» What to work on
Nothing in the copy should be a picture; everything else in the listing is to be restated exactly.

--- Recorded data Enclosed Below ---

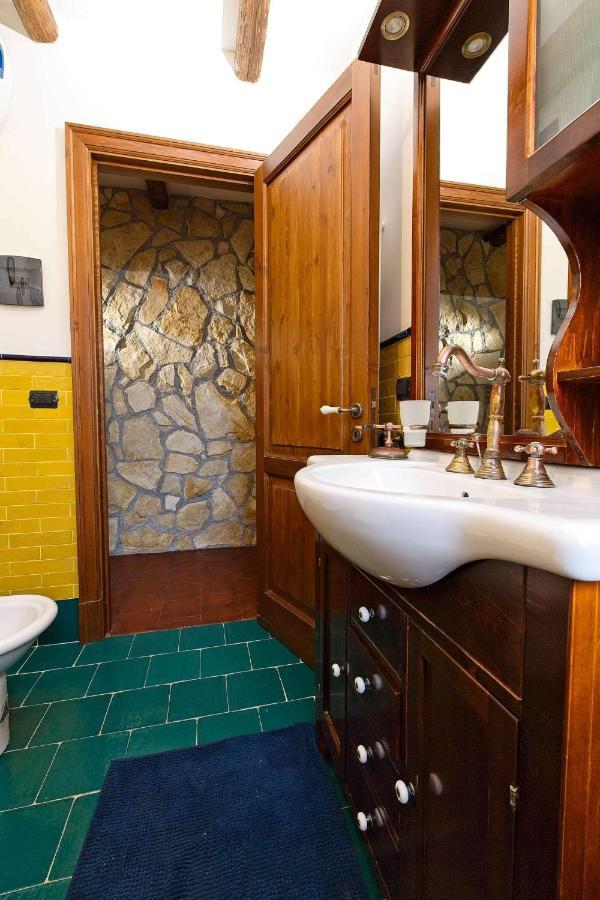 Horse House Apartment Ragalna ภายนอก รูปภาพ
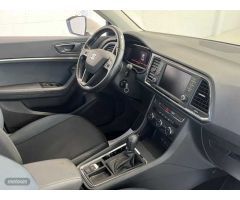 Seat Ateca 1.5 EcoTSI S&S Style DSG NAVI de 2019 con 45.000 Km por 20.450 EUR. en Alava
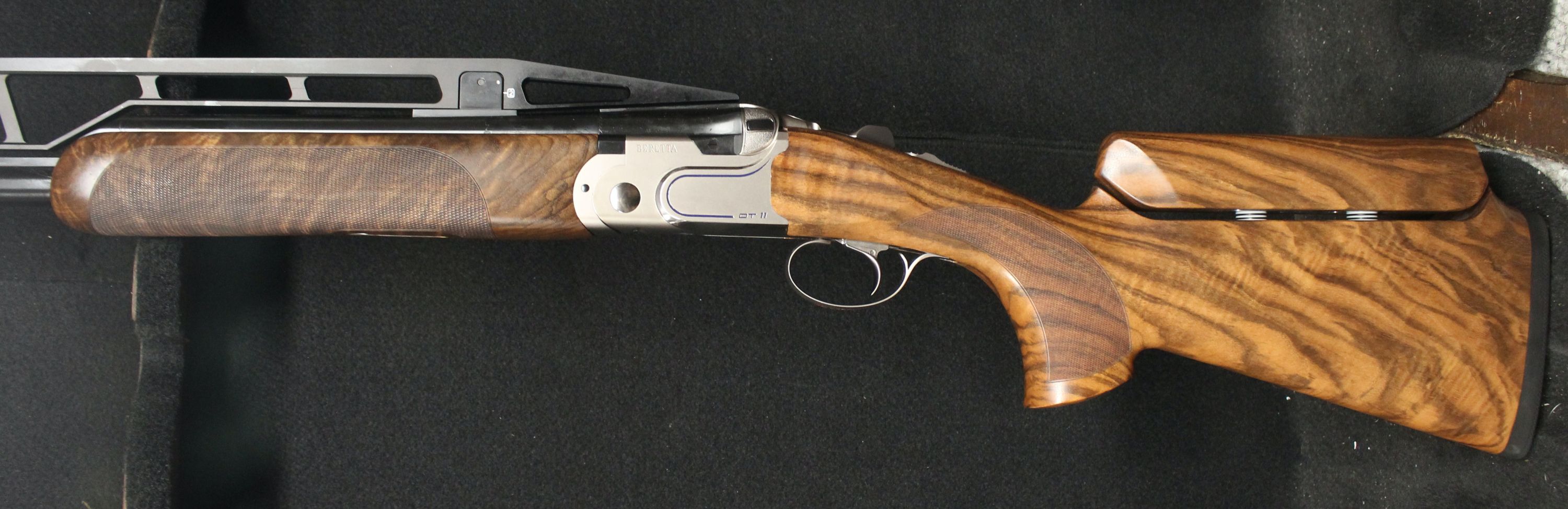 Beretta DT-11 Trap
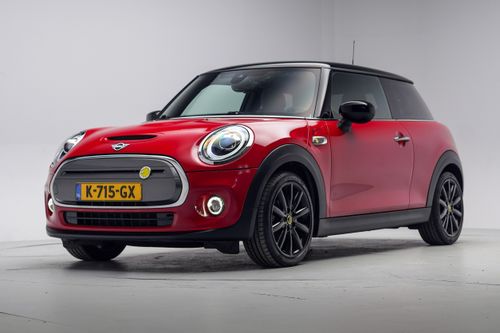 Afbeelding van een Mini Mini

--- End of Enclosed Recorded data ---

» Task solution
 Horse House Apartment Ragalna ภายนอก รูปภาพ
 Seat Ateca 1.5 EcoTSI S&S Style DSG NAVI de 2019 con 45.000 Km por 20.450 EUR. en Alava
 Beretta DT-11 Trap
 Afbeelding van een Mini Mini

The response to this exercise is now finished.